I run an app which can have heavy computing tasks ON-DEMAND (users can trigger both long running and short running tasks at will).
Essentially it is very hard for me to predict my users activity and correctly dimension any AWS EC2 or VPS or else... Sometimes I might just need a simple 8 vCPU with 32Gb RAM, but at any given moment I need tens of 4x TESLA GPU with 128 Gb RAM each due to multiple users doing things at the same time.
AWS Lambda's autoscaling would be just ideal except it won't support GPU and/or limits process to 15mn which is a no-go for my app. Also I can't wait for more than 500ms between the moment the user press the button and the moment the process starts to run (some tasks require near realtime latency), leaving ECS Fargate behind (auto provisioning new containers takes 20 sec on average).
I understand I need some 24/7 uptime machine able to respond in realtime to users but I cannot afford tens of such beasts for 24/7 use while needing them only 300h per month (way way underused).
I believe cloud providers could leverage virtualization to offer a giant "shared" supercomputer I could deploy my containerized app on, but pay ONLY for my ACTUAL usage. I mean, precisely and exactly bill me for the strict usage of their computing power per GB/s like AWS Lambda.
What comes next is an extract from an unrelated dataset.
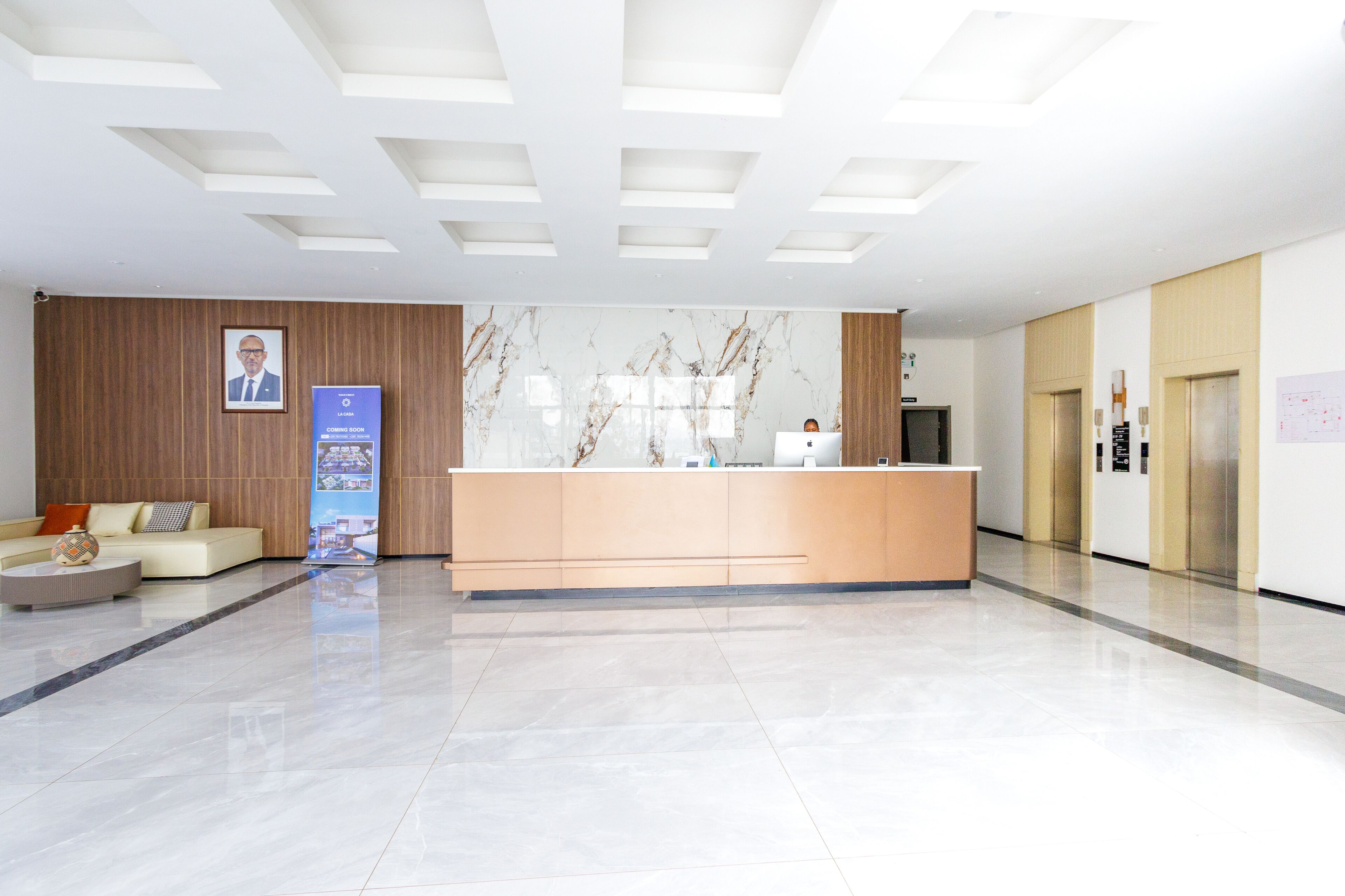 Un área de recepción moderna con una pared de mármol, un mostrador de madera, un sofá y una mesa de centro.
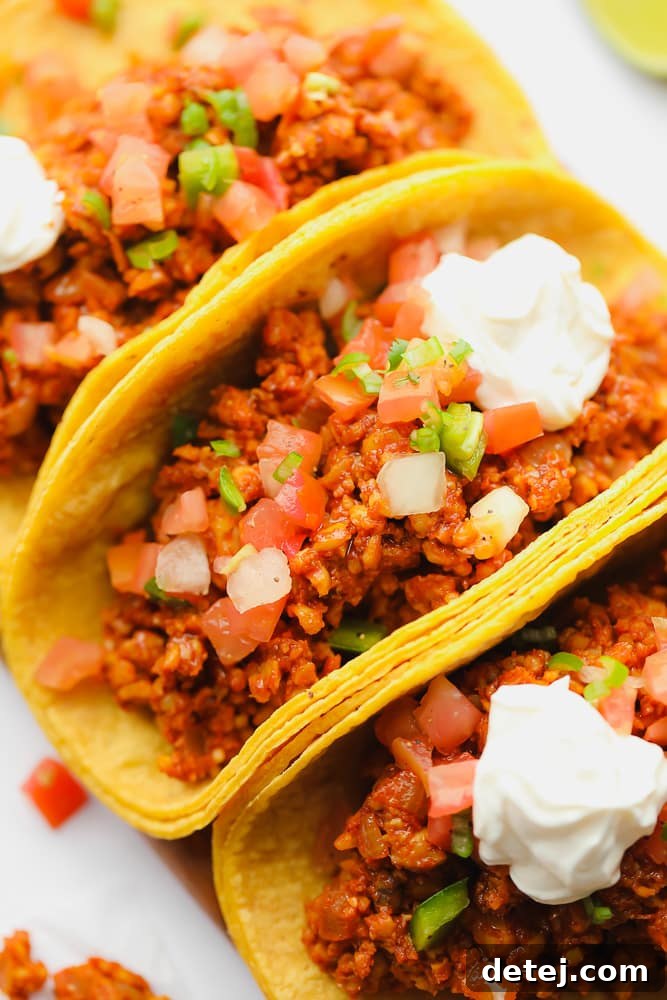 A close-up of three delicious corn tortilla tempeh tacos, garnished with fresh ingredients and ready to eat.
I am aware of both ECS Fargate and Jelastic Cloud but that's quite not what I am looking for: both still need to provision ressources (respectively containers and cloudlets) with some delay (25 seconds+).
Are there some cloud providers offering such solutions? Is there any other way I can achieve realtime (as near as 0ms latency possible) with more than 30mn processing without 24/7 billing of unused resources ?!